Short text fragments from websites
■ ■ ■ ■ ■ ■ ■

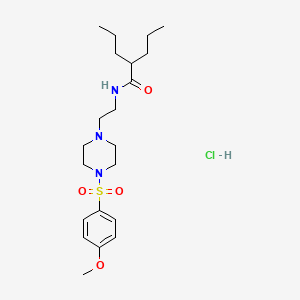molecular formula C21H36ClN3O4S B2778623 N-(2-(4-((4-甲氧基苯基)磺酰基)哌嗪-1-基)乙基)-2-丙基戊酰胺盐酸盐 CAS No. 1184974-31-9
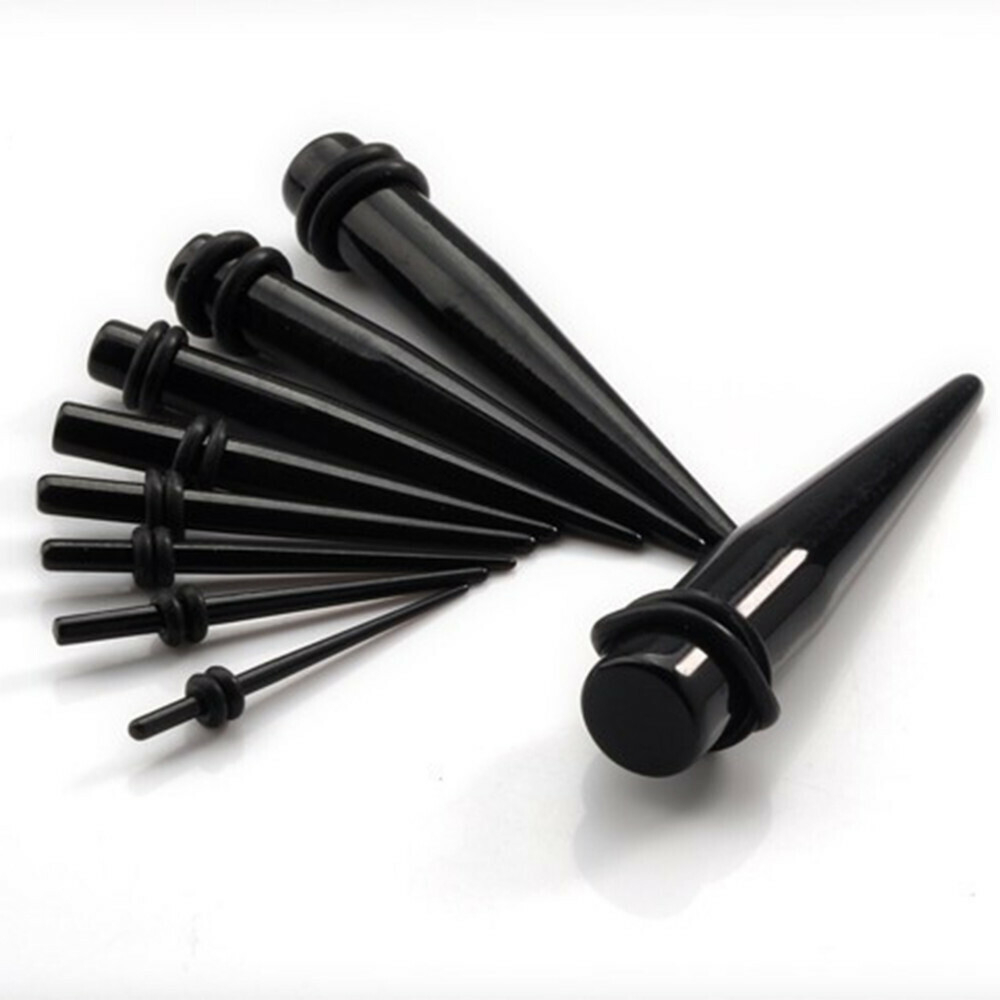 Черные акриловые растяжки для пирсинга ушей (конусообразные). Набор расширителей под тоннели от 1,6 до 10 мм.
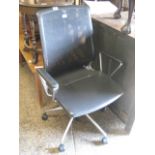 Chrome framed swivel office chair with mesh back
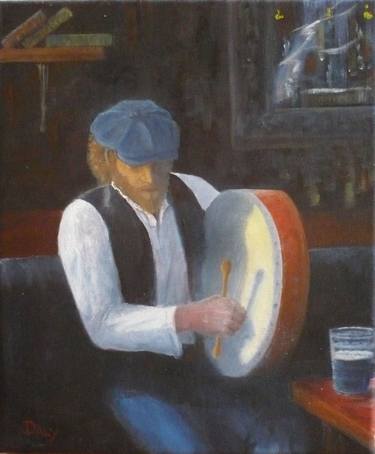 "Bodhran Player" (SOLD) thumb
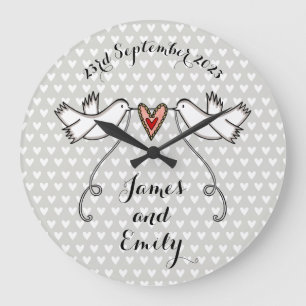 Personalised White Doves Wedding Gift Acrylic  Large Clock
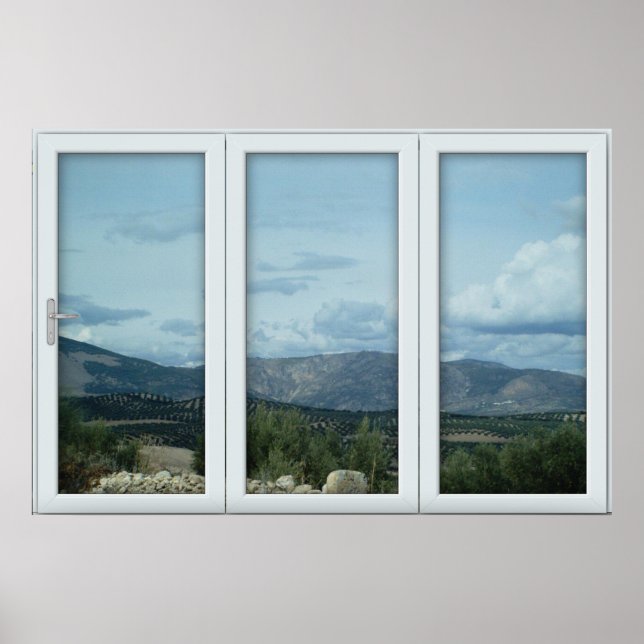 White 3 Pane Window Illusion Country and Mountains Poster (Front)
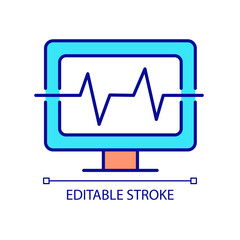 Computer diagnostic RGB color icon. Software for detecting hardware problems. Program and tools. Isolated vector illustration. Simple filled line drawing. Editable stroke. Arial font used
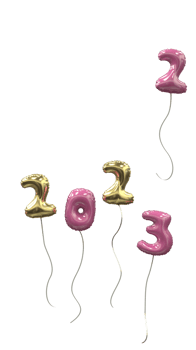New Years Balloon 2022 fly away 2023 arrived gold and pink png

■ ■ ■ ■ ■ ■ ■

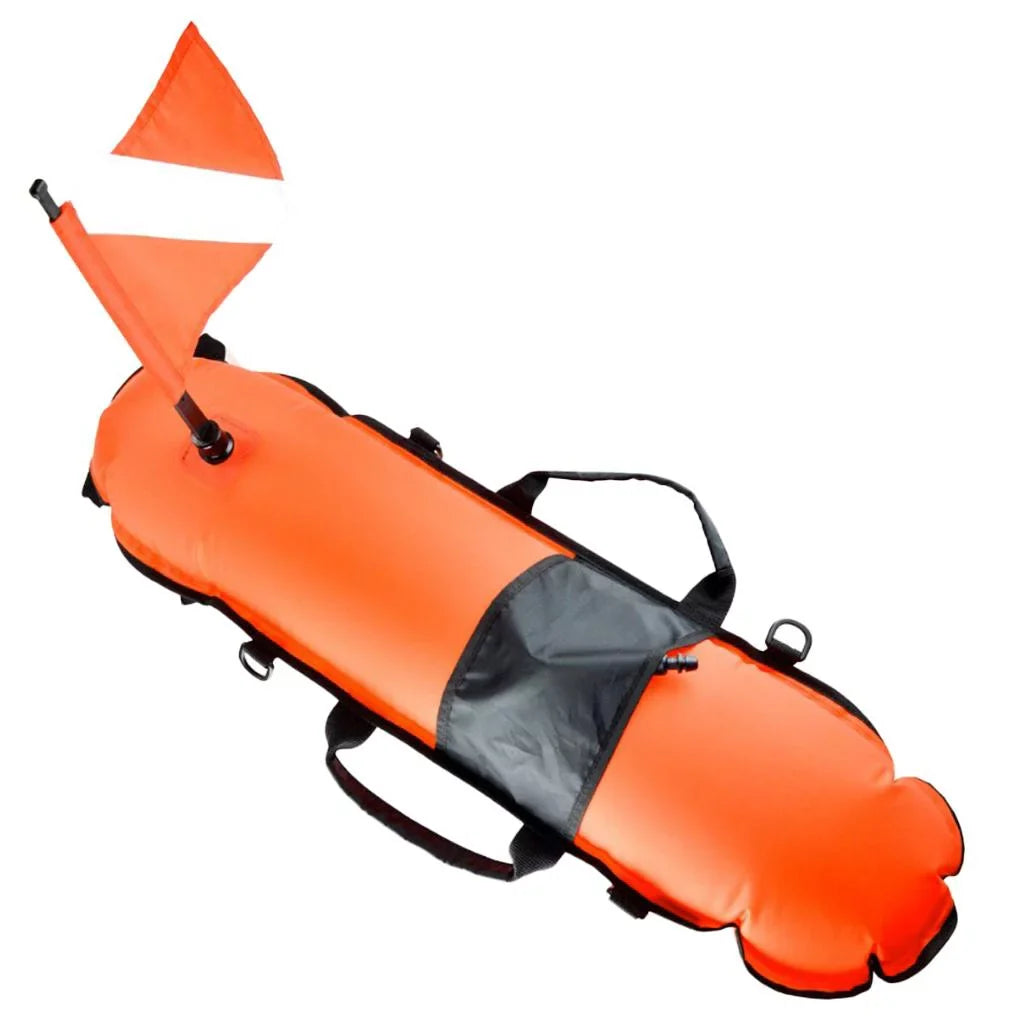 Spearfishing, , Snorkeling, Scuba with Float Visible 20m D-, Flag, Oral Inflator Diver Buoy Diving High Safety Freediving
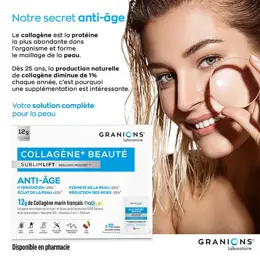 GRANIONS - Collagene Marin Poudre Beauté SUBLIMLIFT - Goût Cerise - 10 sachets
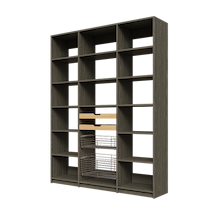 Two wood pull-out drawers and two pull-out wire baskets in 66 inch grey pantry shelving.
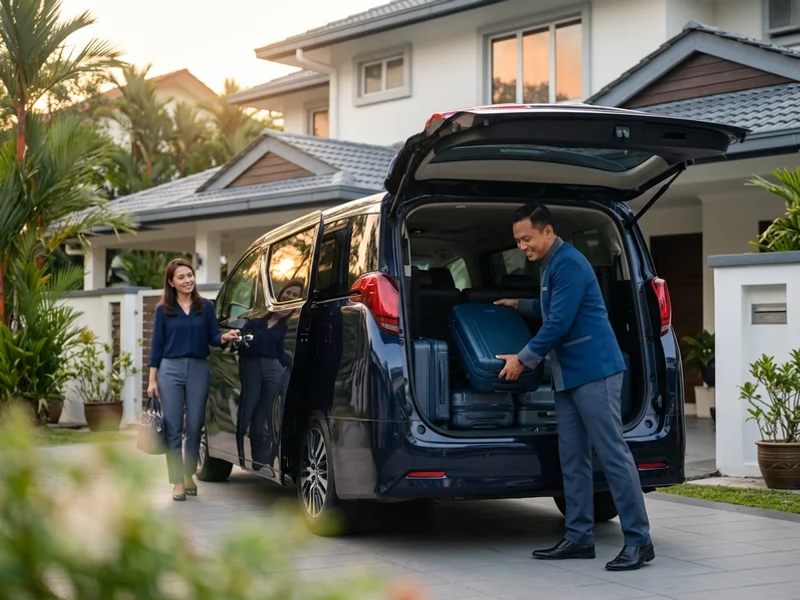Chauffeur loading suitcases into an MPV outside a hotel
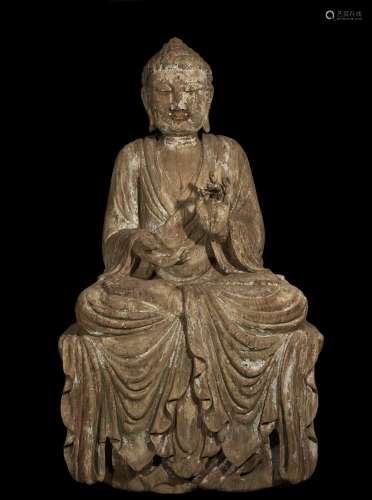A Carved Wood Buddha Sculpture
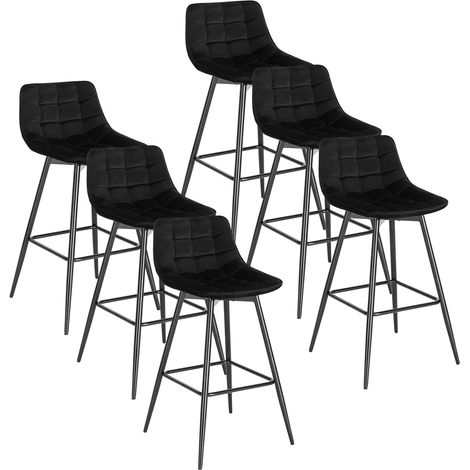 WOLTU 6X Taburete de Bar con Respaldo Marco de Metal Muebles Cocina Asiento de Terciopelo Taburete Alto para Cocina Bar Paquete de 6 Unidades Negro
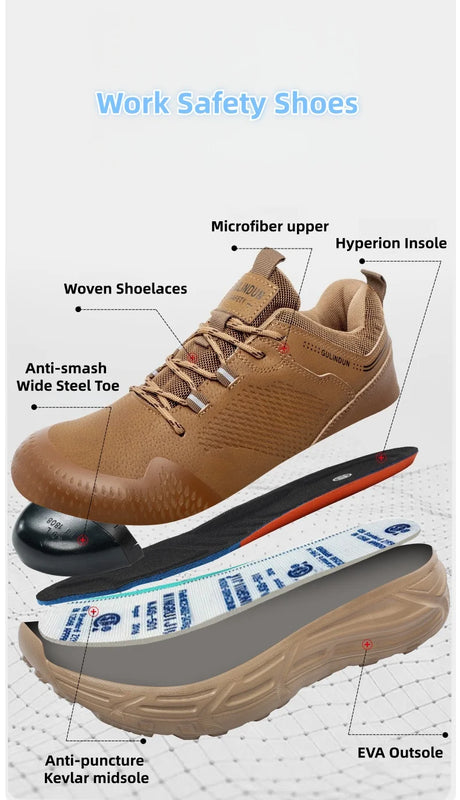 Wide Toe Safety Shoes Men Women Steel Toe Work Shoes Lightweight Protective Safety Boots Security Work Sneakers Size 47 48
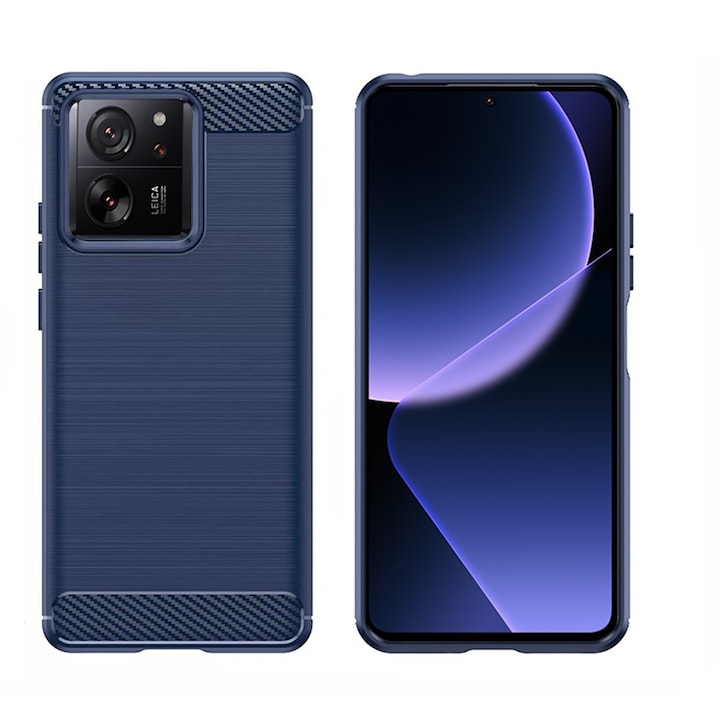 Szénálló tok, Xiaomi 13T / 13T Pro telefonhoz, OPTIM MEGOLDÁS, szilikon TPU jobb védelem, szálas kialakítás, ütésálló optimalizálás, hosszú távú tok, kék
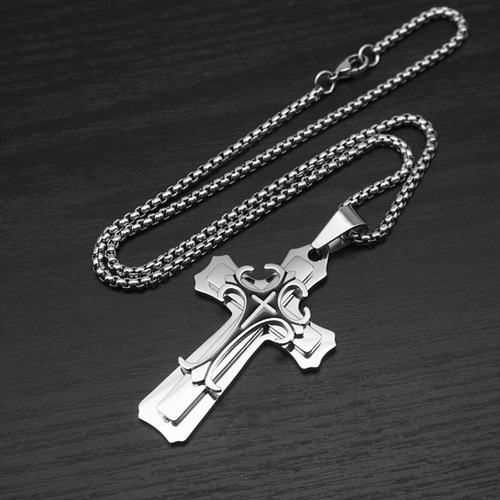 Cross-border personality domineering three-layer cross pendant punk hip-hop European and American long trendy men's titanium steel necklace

■ ■ ■ ■ ■ ■ ■

Among the entries above, take the lines from the one with "GRANIONS - Collagene" through the one with "A Carved Wood Buddha Sculpture" and retype them exactly, leaving out the pictures.

*YOUR SOLUTION*:
 GRANIONS - Collagene Marin Poudre Beauté SUBLIMLIFT - Goût Cerise - 10 sachets
 Two wood pull-out drawers and two pull-out wire baskets in 66 inch grey pantry shelving.
Chauffeur loading suitcases into an MPV outside a hotel
A Carved Wood Buddha Sculpture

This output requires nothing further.